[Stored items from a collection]
☆ ☆ ☆ ☆

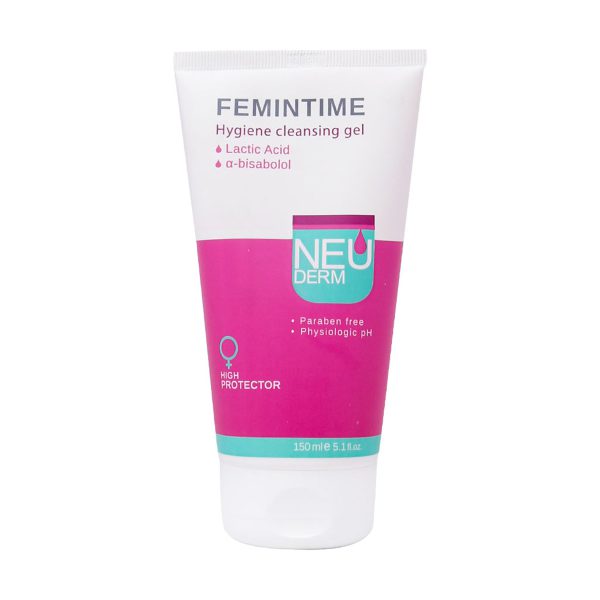 ژل بهداشتی بانوان فمین تایم نئودرم - Neuderm Femintime Cleansing Gel - نئودرم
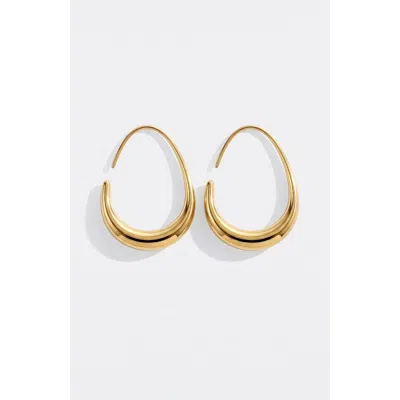 Mint & Lily Fluid Hoop Earrings In Gold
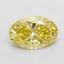 3.01 Ct. Fancy Intense Yellow Oval Lab Grown Diamond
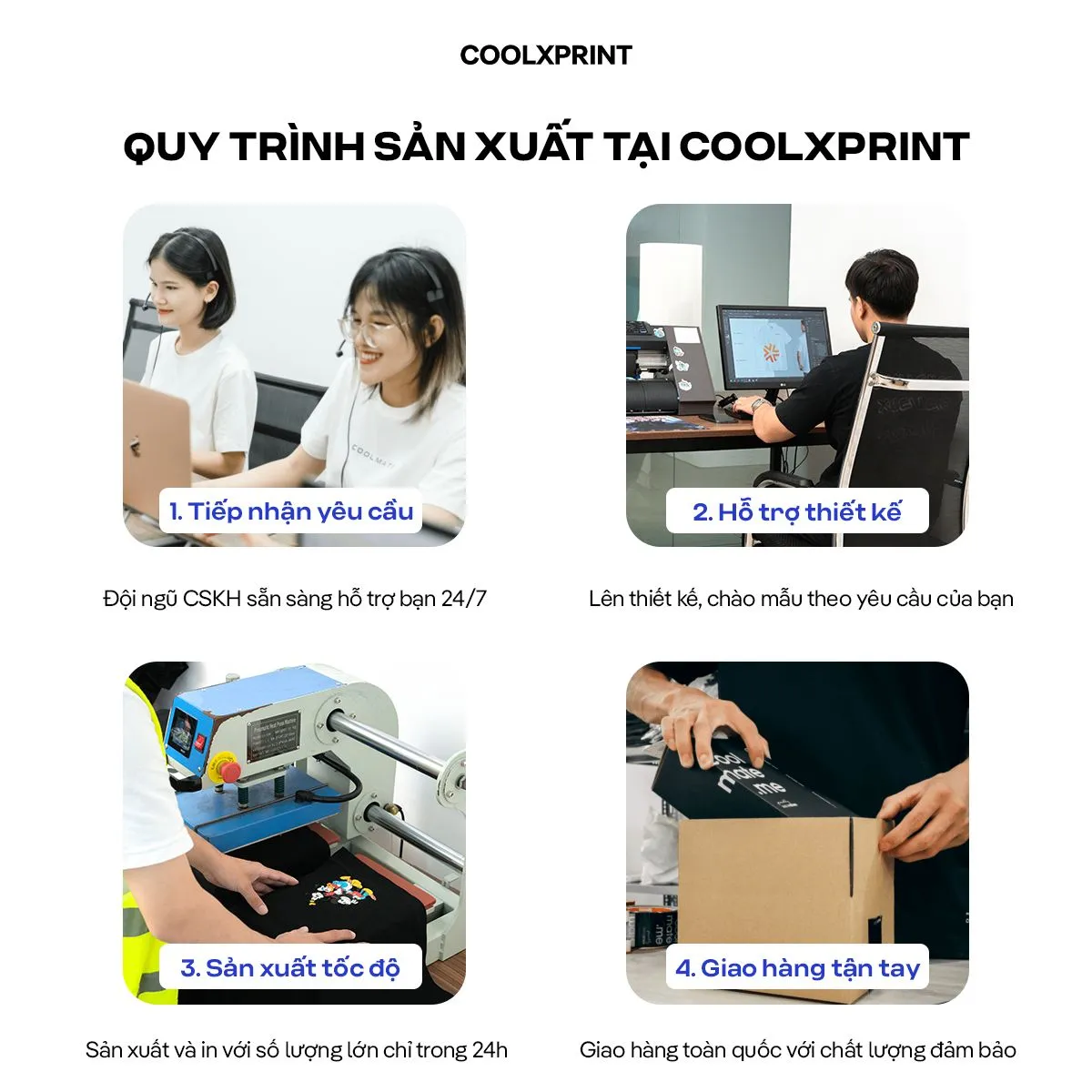 Lý do nên chọn in hình trên áo tại CoolxPrint ngay hôm nay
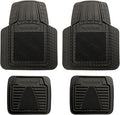 PantsSaver 3D All Weather Car Floor Mats - Trimmable Waterproof Rubber Liners All Season Protection for Car, Truck, SUV, Minivan - Fits Honda, Ford, Toyota, Nissan, Hyundai, Jeep & More 4 PC Set Black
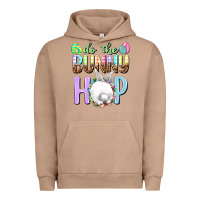 Pigment Burro Do the bunny hop Easter Day Urban Hoodie - HowdyJamesFarm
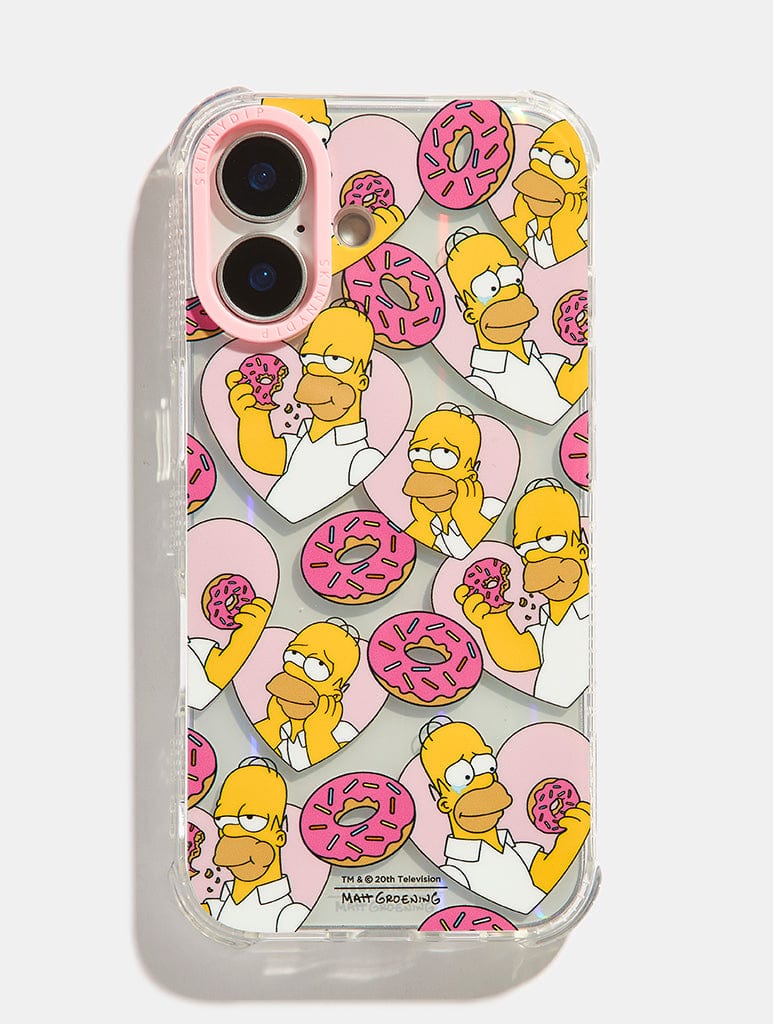 The Simpsons x Skinnydip Donut Lover Shock iPhone Case Phone Cases Skinnydip London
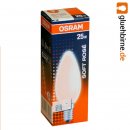 1 x Osram Glühbirne Kerze Soft Rose 25W E14 matt Softone...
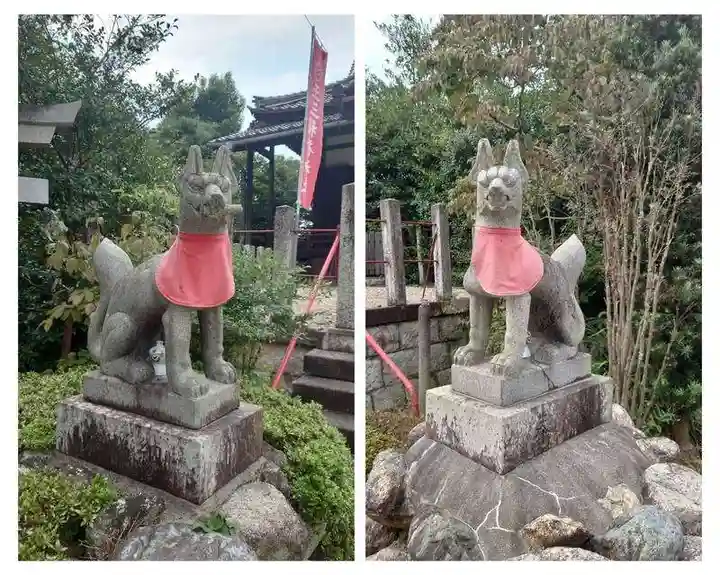 玉三稲荷神社の狛犬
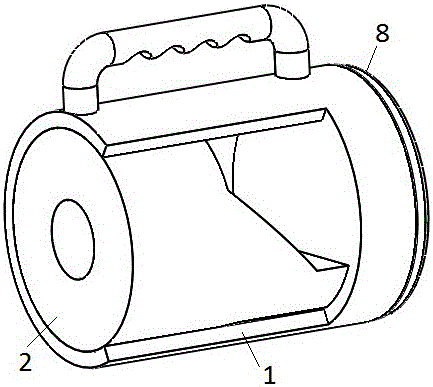 BeiDou locating field searchlight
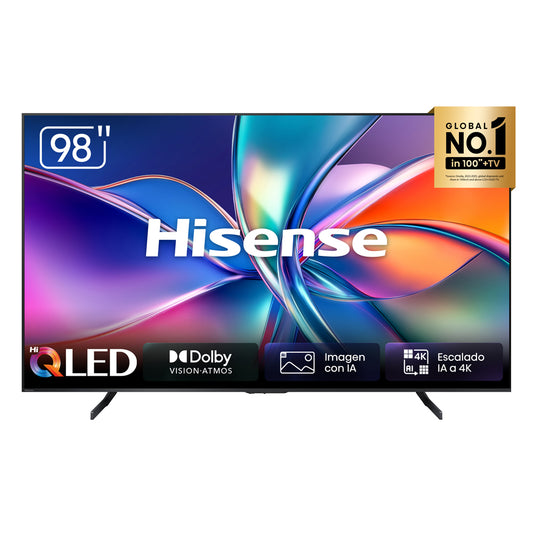 Televisor QLED Smart, 98”, 98Q6QG, Hisense, 4K Google TV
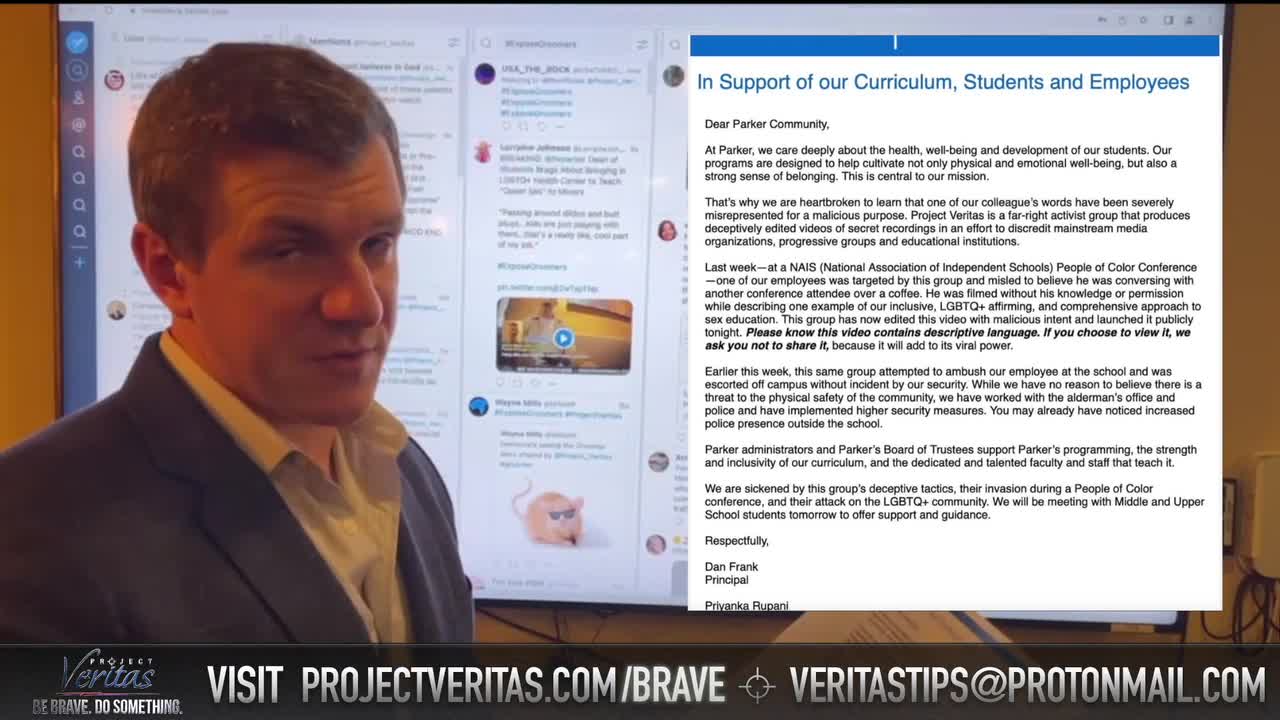 UPDATE: Francis W. Parker just sent an email attacking Project Veritas & defending the schools "comprehensive approach to sex education"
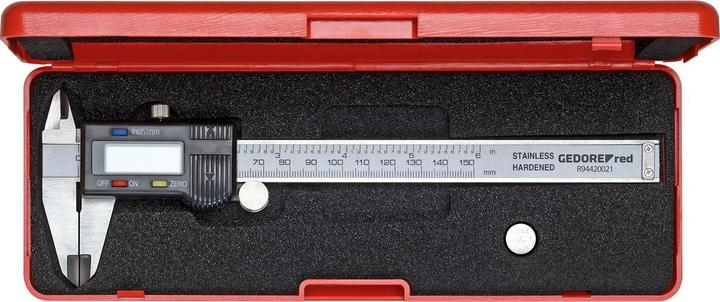 Actual product image Gedore Red Digital caliper with LCD display in plastic box (25 cm)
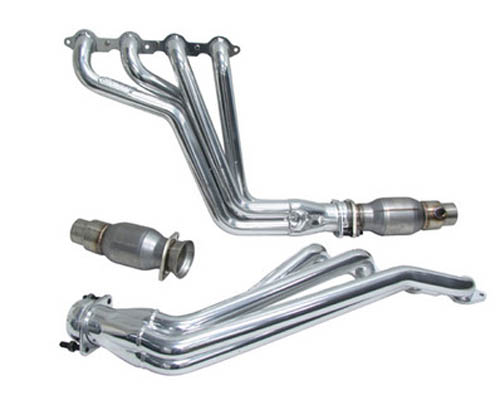 BBK 304 Stainless 1-3/4" Long Tube Exhaust Headers w/High Flow Cats Chevrolet Camaro LS3 10-12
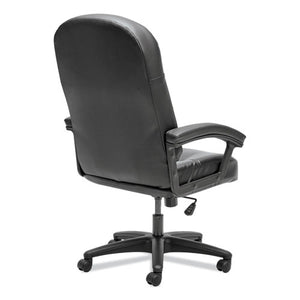 Pillow-soft 2090 Series Executive High-back Swivel/tilt Chair, Supports Up To 250 Lbs., Black Seat/black Back, Black Base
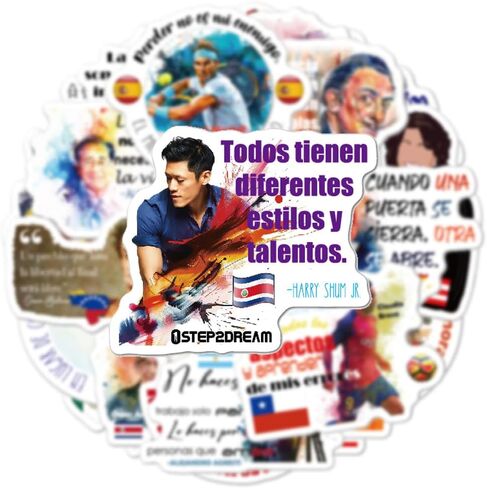 1step2dream Hispanic Heritage Month Stickers Latino Inspirational Quotes in Spanish | Spanish Stickers for Teacher Student Kids in Saudi Arabia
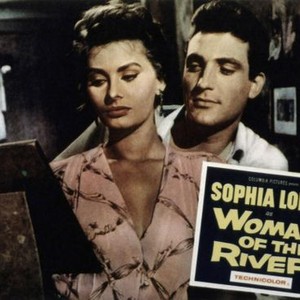 WOMAN OF THE RIVER, (aka LA DONNA DEL FIUME), Sophia Loren, Rik Battaglia, 1955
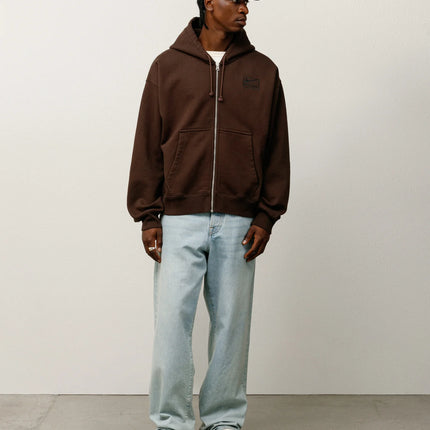 Stussy x Nike Stone Washed Fleece Zip Hoodie - Dark Cinder (FW25)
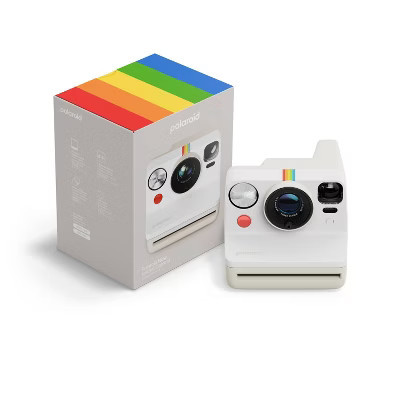 Polaroid Now Gen 3 Film Camera - Pebble White: Automatic Focus & Flash, i-Type Format | Target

☆ ☆ ☆ ☆

**PROMPT**
In the copy, include exactly the lines from the one with "Lý do nên chọn" through the final line of the entries above, both ends counted, and no pictures.

**FINISHED TASK**
 Lý do nên chọn in hình trên áo tại CoolxPrint ngay hôm nay
 PantsSaver 3D All Weather Car Floor Mats - Trimmable Waterproof Rubber Liners All Season Protection for Car, Truck, SUV, Minivan - Fits Honda, Ford, Toyota, Nissan, Hyundai, Jeep & More 4 PC Set Black
 Pigment Burro Do the bunny hop Easter Day Urban Hoodie - HowdyJamesFarm
 The Simpsons x Skinnydip Donut Lover Shock iPhone Case Phone Cases Skinnydip London
 1 x Osram Glühbirne Kerze Soft Rose 25W E14 matt Softone...
 玉三稲荷神社の狛犬
 BeiDou locating field searchlight
 Televisor QLED Smart, 98”, 98Q6QG, Hisense, 4K Google TV
 UPDATE: Francis W. Parker just sent an email attacking Project Veritas & defending the schools "comprehensive approach to sex education"
 Actual product image Gedore Red Digital caliper with LCD display in plastic box (25 cm)
 BBK 304 Stainless 1-3/4" Long Tube Exhaust Headers w/High Flow Cats Chevrolet Camaro LS3 10-12
 Pillow-soft 2090 Series Executive High-back Swivel/tilt Chair, Supports Up To 250 Lbs., Black Seat/black Back, Black Base
 1step2dream Hispanic Heritage Month Stickers Latino Inspirational Quotes in Spanish | Spanish Stickers for Teacher Student Kids in Saudi Arabia
 WOMAN OF THE RIVER, (aka LA DONNA DEL FIUME), Sophia Loren, Rik Battaglia, 1955
 Stussy x Nike Stone Washed Fleece Zip Hoodie - Dark Cinder (FW25)
 Polaroid Now Gen 3 Film Camera - Pebble White: Automatic Focus & Flash, i-Type Format | Target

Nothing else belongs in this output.